From the listing below, reproduce word for word the part that opens with the line containing "UP: స్నేహితుడి ప్రియురాలి" and closes with the line containing "リファイズ小岩 | 玄関です。"; reproduce nothing else.

Top of Records supplied

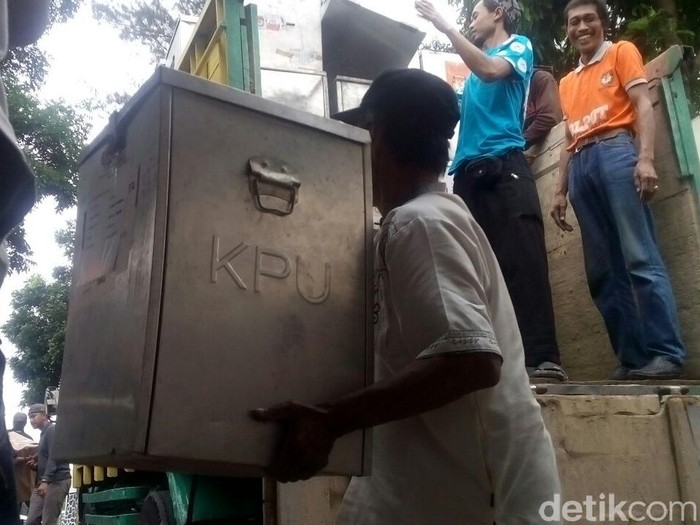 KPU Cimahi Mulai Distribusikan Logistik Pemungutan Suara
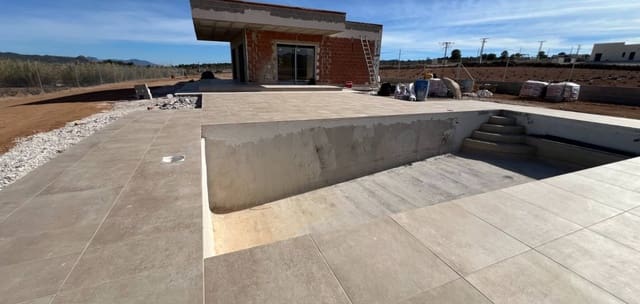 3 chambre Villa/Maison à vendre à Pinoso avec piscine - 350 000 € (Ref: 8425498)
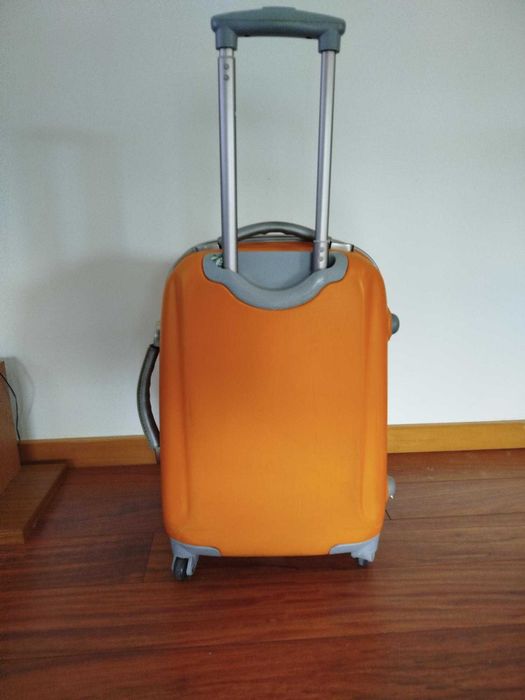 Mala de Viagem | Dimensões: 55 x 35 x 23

Bottom of Records supplied
Top of Records supplied

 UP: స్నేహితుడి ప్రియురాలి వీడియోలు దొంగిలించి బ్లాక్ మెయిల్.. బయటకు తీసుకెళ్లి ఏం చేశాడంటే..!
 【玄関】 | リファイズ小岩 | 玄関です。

Bottom of Records supplied
Top of Records supplied

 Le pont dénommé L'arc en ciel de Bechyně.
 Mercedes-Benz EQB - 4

Bottom of Records supplied

_Written reply_:
 UP: స్నేహితుడి ప్రియురాలి వీడియోలు దొంగిలించి బ్లాక్ మెయిల్.. బయటకు తీసుకెళ్లి ఏం చేశాడంటే..!
 【玄関】 | リファイズ小岩 | 玄関です。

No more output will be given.